Because the record of the Gospels has Jesus referring to Himself as the Son of God and the Son of Man, which were both messianic titles that spoke, in general, of Israel, and more specifically, of Israel’s king, we can know that Jesus understood Himself to be the long-awaited Messiah for Israel. Because of that, Psalms which spoke of the king of Israel would naturally and understandably be a great source of direction, comfort, strength, and encouragement for Him. As He looked forward to what it was that He would be and do for Israel, He could quite easily insert Himself into this Psalm, trusting implicitly in the covenant God of Israel and say, “O Lord, the king rejoices in the strength You give” (21:1a). To willingly endure the Roman cross, which was the direction that Jesus knew that His life and work were taking Him, would take a great deal of strength; and we know that this strength was delivered to Jesus by the Holy Spirit.
With a full measure of a gifted faith, Jesus could stand in confident assurance in the deliverance that His God would provide (21:1b). What deliverance would that be? The deliverance in which Jesus would be able to take great delight was the assurance of the deliverance from death. Jesus trusted that, as He took Israel’s curse upon Himself, as Israel’s King and representative, and entered into death (exile from life), that God would be faithful to deliver Him, to redeem Him from that exile, granting Him a new life on the other side of the grave. Of course, because God’s Messiah was not only Israel’s King, but a King for all nations and all peoples, when Jesus, as the Messiah, entered into death on behalf of Israel, He also entered into death on behalf of all mankind. When He was delivered from death and its curse, all mankind was delivered as well, with the seal of that deliverance predicated on believing in Him. From then on, all that would come to be in union with Christ (believing Him to be the crucified and Resurrected Lord of all by the faith gifted by the Holy Spirit), would have gained the ultimate victory over death and its corruption.
In the Resurrection, God’s kingdom on earth was inaugurated, as His will would begin to be done on earth as it is in heaven by those who would be equipped by God for service to His glory. Though all those so equipped would continue to meet with the corruption that comes with living in this world that still awaits the return of Christ and the final consummation of the kingdom of heaven, and though they would still go to their deaths, they can grip on to the promise that just as Jesus was raised up from the grave with a new body and a new life here in the midst of God’s creation, with Resurrection power that serves to push back the forces of evil here in this world, so too would they, one day, be raised up from the grave, with a new body and a new life, here in God’s fully restored and renewed creation.
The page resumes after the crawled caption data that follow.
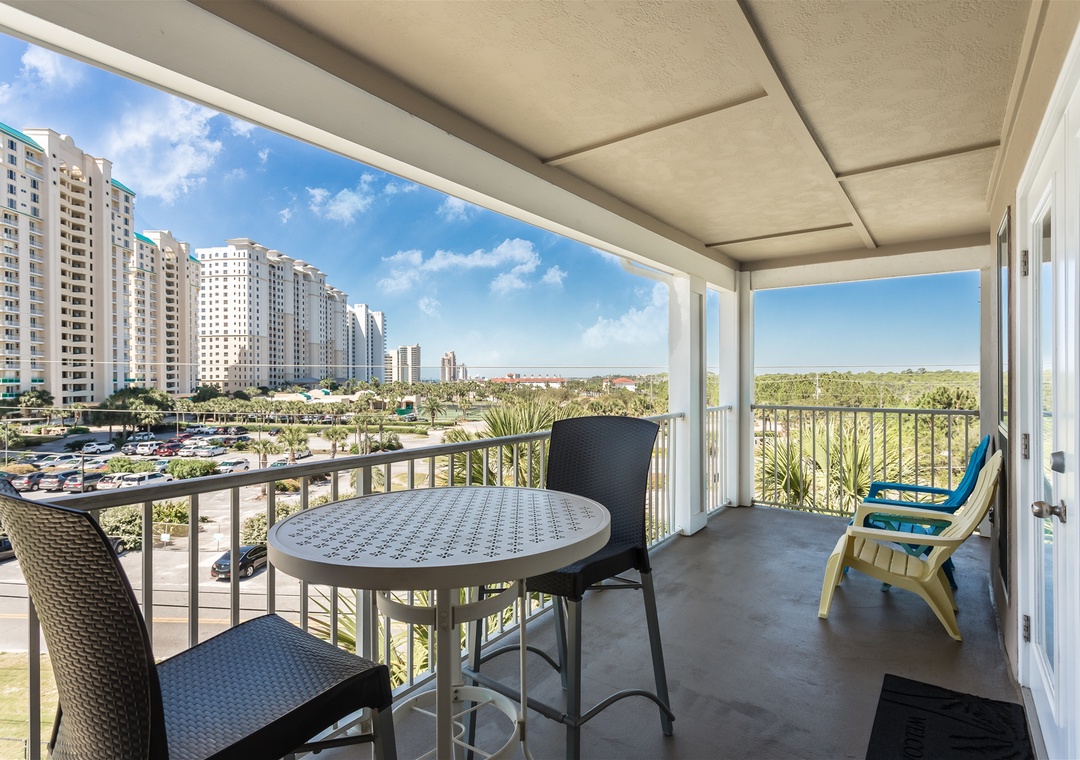 Grand Caribbean 417W Balcony High Table and Chirs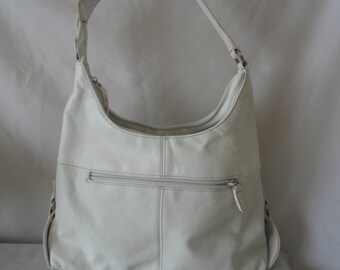 Pre Owned Worthington White Leather Shoulder Bag*****.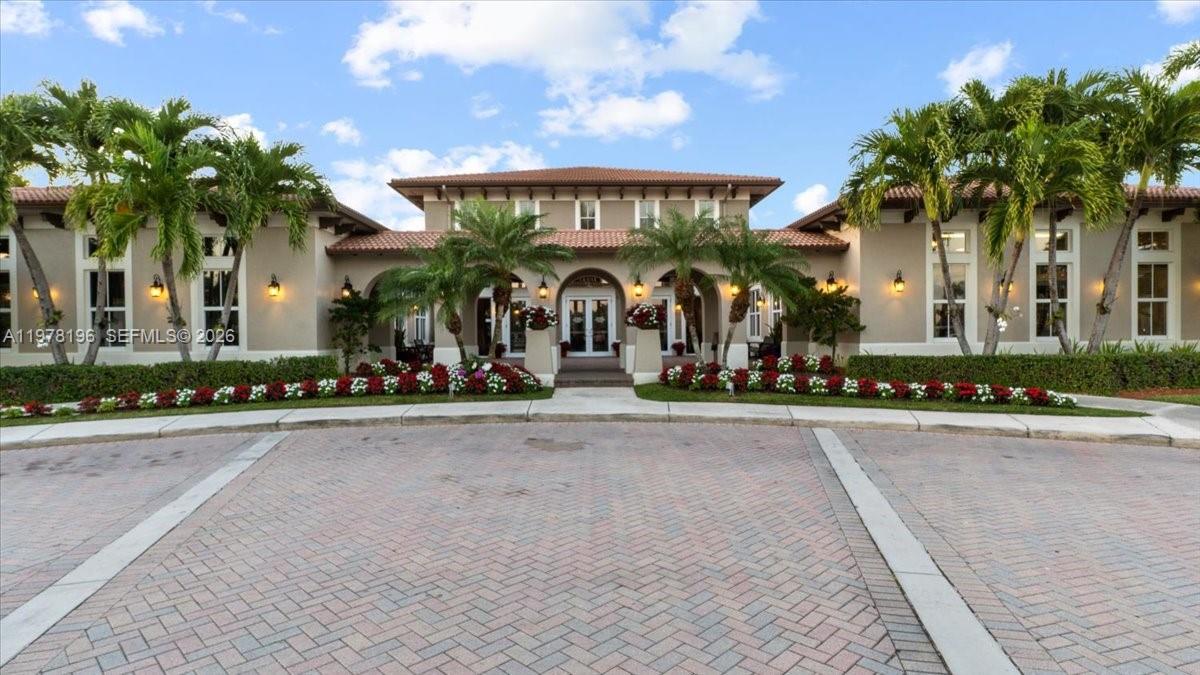 THE SHORES CONDO NO 2 - Residential Lease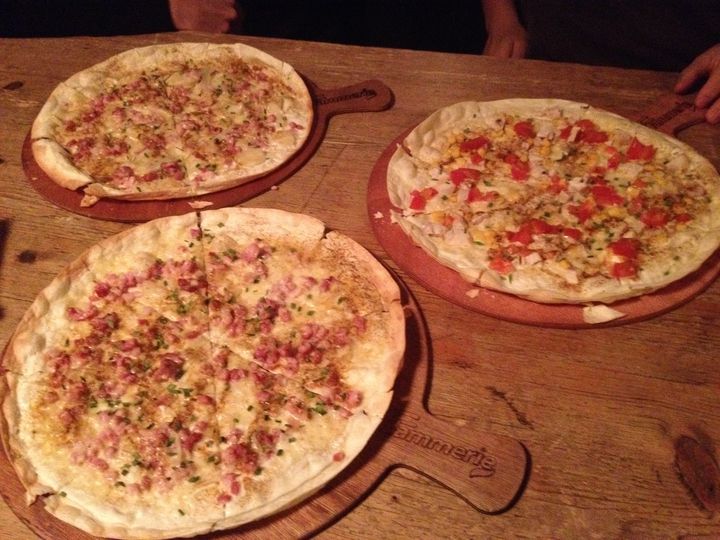Flammkuchen(フラムクーヘン)と呼ばれる薄いピザのような食べ物がここの一押し。またドリンクも豊富な種類があり、ラテアートをしてくれることもあります。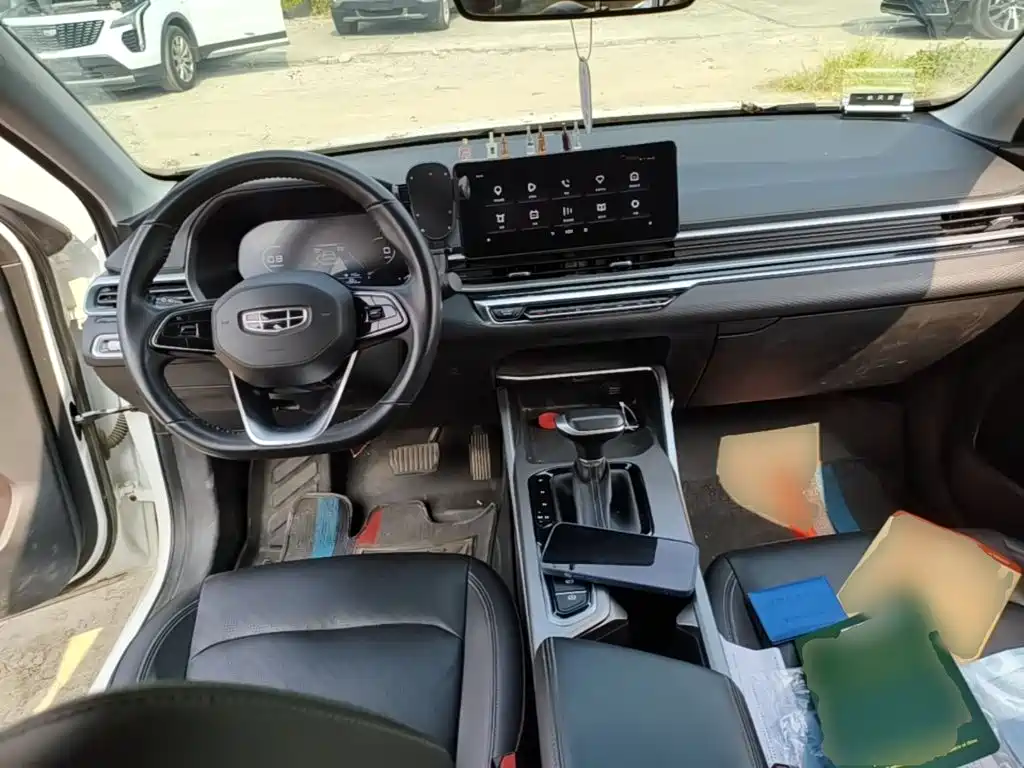 Geely Emgrand — миниатюра 10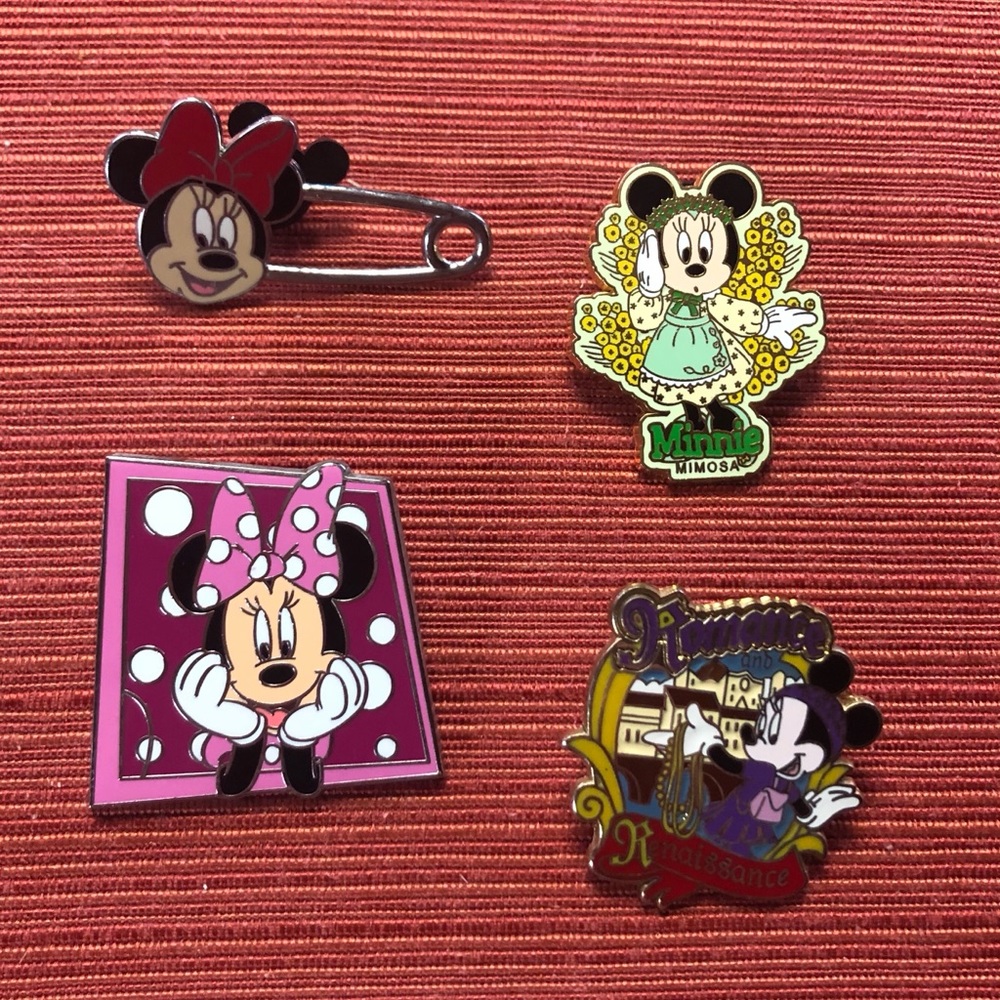 Disney - 4 Minnie Mouse Pins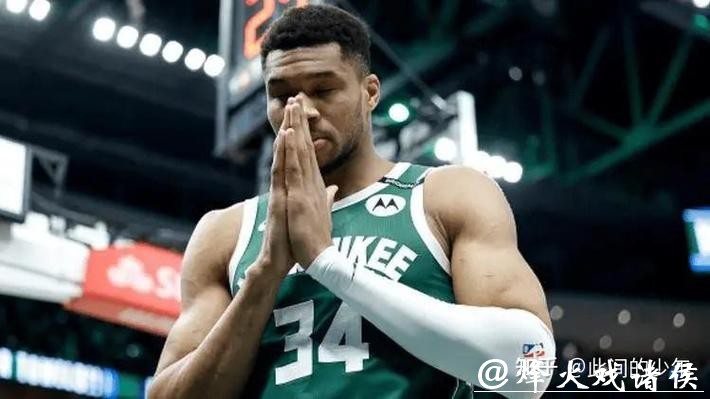 太阳负步行者4连败 利拉德低迷雄鹿不敌开拓者 太阳负步行者4连败 利拉德低迷雄鹿不敌开拓者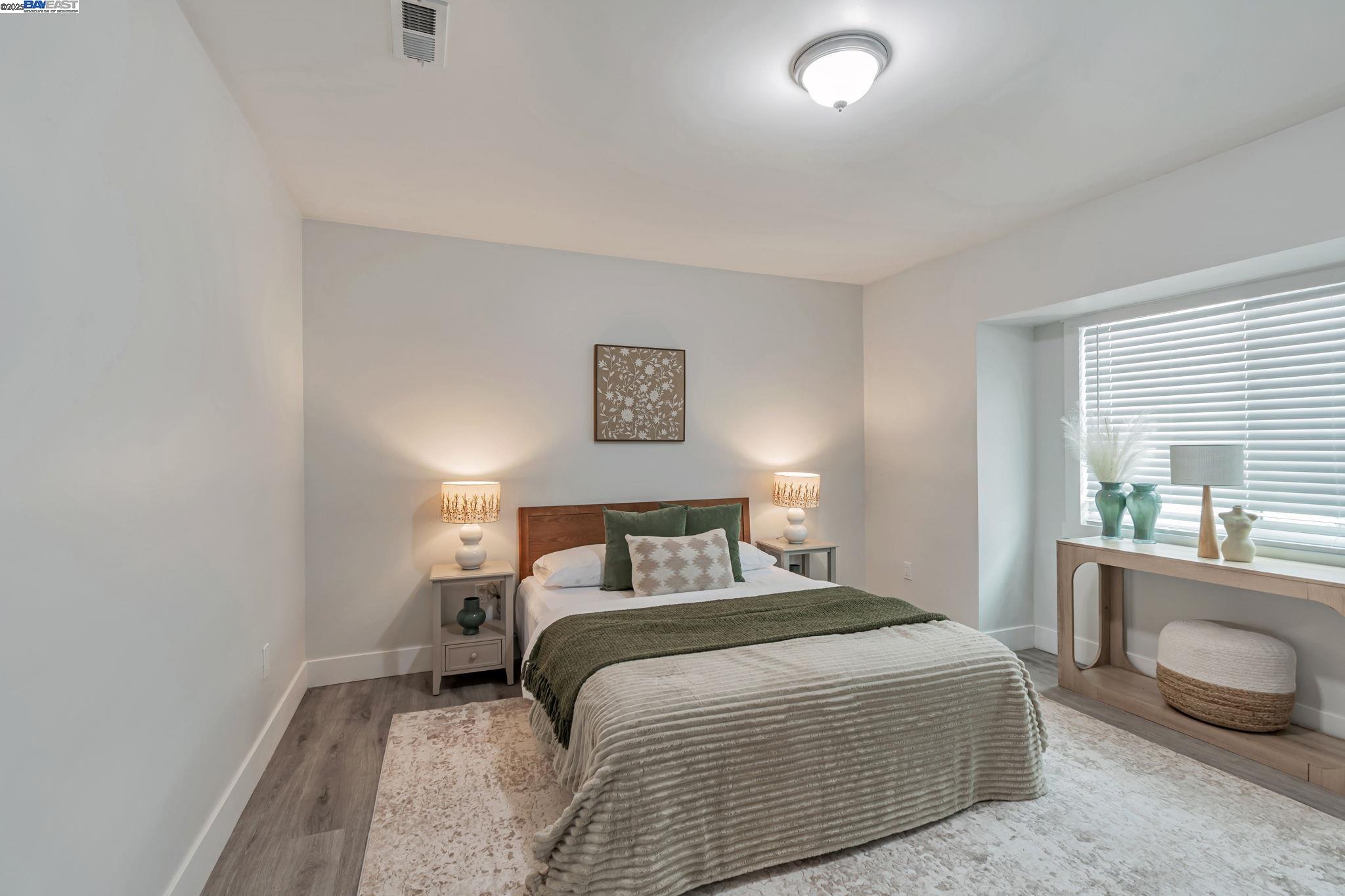 Detail Gallery Image 21 of 38 For 5444 Bancroft, Oakland,  CA 94601 - 4 Beds | 3 Baths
Jesus, above all things, sought to do the will of the Father. He sought to be the One through Whom God would fulfill the covenant with Abraham and bless the world. He sought to be the second Adam---to be the first truly human being, rightly bearing the image of His Creator---that would set all things right, regaining the dominion over the created order that had been given to Adam, and reversing the curse, through His faithfulness, that had been brought into creation by Adam’s faithlessness. He sought to be the light for the world that had been God’s intention for His chosen people Israel. With such intentions, Jesus could be emboldened by the Psalmist’s declaration in regards to Israel’s king that “You grant him his heart’s desire; You do not refuse his request” (21:2).